Brits head to the polls on Thursday for one of the most difficult general elections to predict in a long time. It’s not the outright winner that’s proving so hard to call – Prime Minister Boris Johnson’s Conservative Party is all but guaranteed to win the most seats – it’s the all-important margin of victory.
Bookmakers give the Conservatives a 95.2 percent chance of retaining the most seats at 1/20, with opposition party Labour a distinct longshot at 14/1.
Labour has enjoyed a resurgence over the past two weeks, but it’s likely to be too little, too late. Nevertheless, it has cut the odds of a Conservative majority from 1/4 to 4/9.
But the phenomenon of tactical voting could hold some surprises.
Since 2017, the government has been paralyzed by a lack of an overall majority, which has stymied its efforts to take decisive action on an exit deal with the European Union.
While Labour has promised a radical spending plan that would end austerity, renationalize rail, mail, water, and energy, and usher in a “Green Industrial Revolution,” the Conservatives are campaigning under the simple mantra of “Get Brexit Done” – sensing, correctly, that Britons are fed up with the whole sorry saga.
But the lack of a working majority illustrates how split the country has become politically and how polarized the public remains over Brexit, which was endorsed by 52 percent of voters in 2016.
If elected, Labour and the Scottish National Party (SNP) would hold another referendum on Brexit, while the Liberal Democrats would cancel Brexit entirely.

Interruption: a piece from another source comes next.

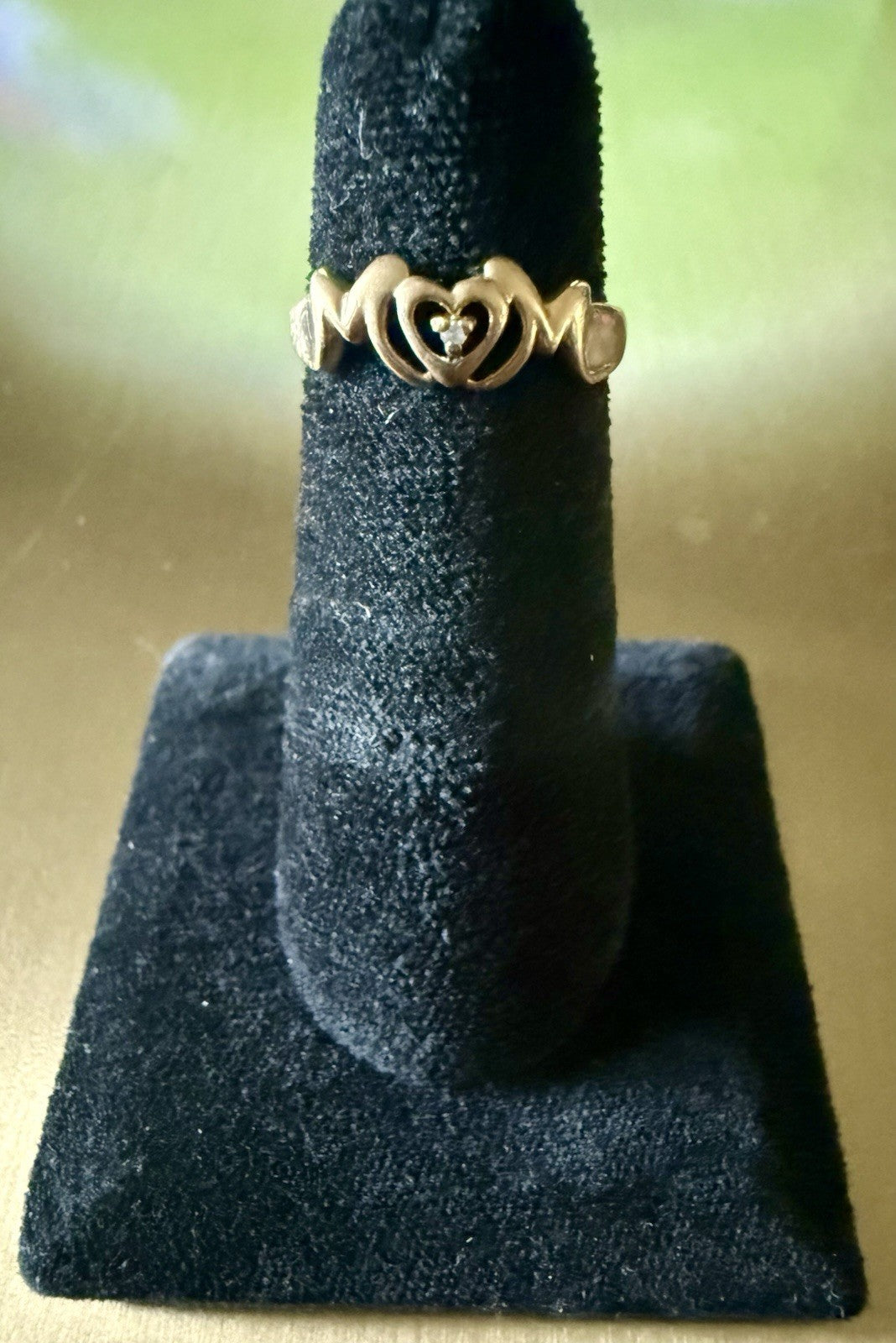 10K Yellow Gold Diamond Mom Ring (1.49g)- Size 6.25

That means the vote among those who wish to remain in the EU is split among opposition parties, while traditional Labour supporters who voted for Brexit must choose between tribal party loyalties and their desire to leave Europe.

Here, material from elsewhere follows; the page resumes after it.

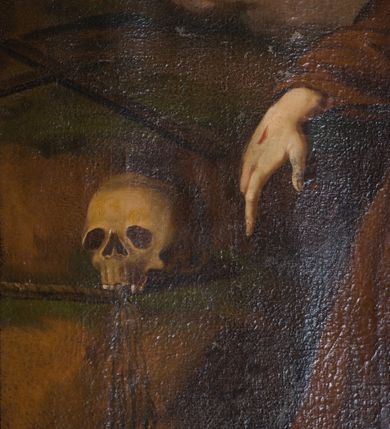 Zdjęcie nr 43: Nastawa architektoniczna, jednoosiowa, jednokondygnacyjna ze zwieńczeniem, na wysokim cokole z wyodrębnionymi konsolami. Ołtarz drewniany, sarkofagowy, na cokole, zwężający się ku dołowi z drewnianą mensą i kamiennym portatylem. Na mensie ustawione tabernakulum w formie prostopadłościennej skrzynki. Ścianka frontowa ujęta ornamentalnymi listewkami; drzwiczki w kształcie stojącego prostokąta w ornamentalnej ramie z płaskorzeźbionym przedstawieniem kielicha z hostią i winnym gronem. Nastawa ujęta parą zdwojonych pilastrów zwróconych pod kątem na zewnątrz, dekorowanych zwisami kwiatowymi, dźwigających silnie wysunięte imposty podtrzymywane przez konsole. Na tle pilastrów figury św. Antoniego Padewskiego i św. Franciszka ustawione na konsolach. W polu środkowym obraz św. Franciszka w formie stojącego prostokąta ujęty profilowaną ramą zdobioną rocaille&#039;em. Powyżej wolutowe fragmenty rocaille&#039;u, pod nim płycina. Zwieńczenie w formie trapezu ujętego spływami wolutowymi, dekorowanymi liśćmi palmowymi, ze ślimacznicami w kształcie meandru, spływającymi na belkowanie, na których stoją wazony. Całość zamknięta fragmentem wyłamanego trójbocznie gzymsu, zwieńczonego rokokowym szczytem z kwiatowymi gałązkami. W polu obraz św. Franciszki Rzymskiej w formie zbliżonej do zwieńczenia, ujęty ramą dekorowaną rocaille&#039;em. Struktura polichromowana w kolorze głębokiej czerwieni, z czarnymi profilami oraz złoconymi ramami, profilami i ornamentyką.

Meanwhile, for those determined to stay in the EU, which may include some traditional Conservative voters, tactical voting comes into play — and this is why it’s such a tough election to call.
Will Brexit Get Done?
In seats where Conservatives can be challenged, voters are putting aside their political differences, holding their noses, and voting for the party most likely to topple Johnson. Numerous websites have sprung up advising how to vote strategically.
But it’s almost impossible to know how many people will vote tactically on election day, and in which constituencies, until they actually do it.
Analysis published last week by the pro-Remain campaign “Best for Britain” found that Johnson would be denied a majority if just 41,000 people voted tactically in 36 of the UK’s 650 constituencies.
The failure of a single party to win a majority is called a hung parliament. When this happens, the prime minister in power before the election is given the choice of forming a coalition government with another party or struggling on with a minority government. He could also resign and ask the opposition government to form a coalition, although in Johnson’s case, this is unlikely.
If the Conservatives return to power with a working majority, they have promised to pass a withdrawal agreement with the EU in January. But a minority government would result in further stalemate, severely hampering their ability to get Brexit done.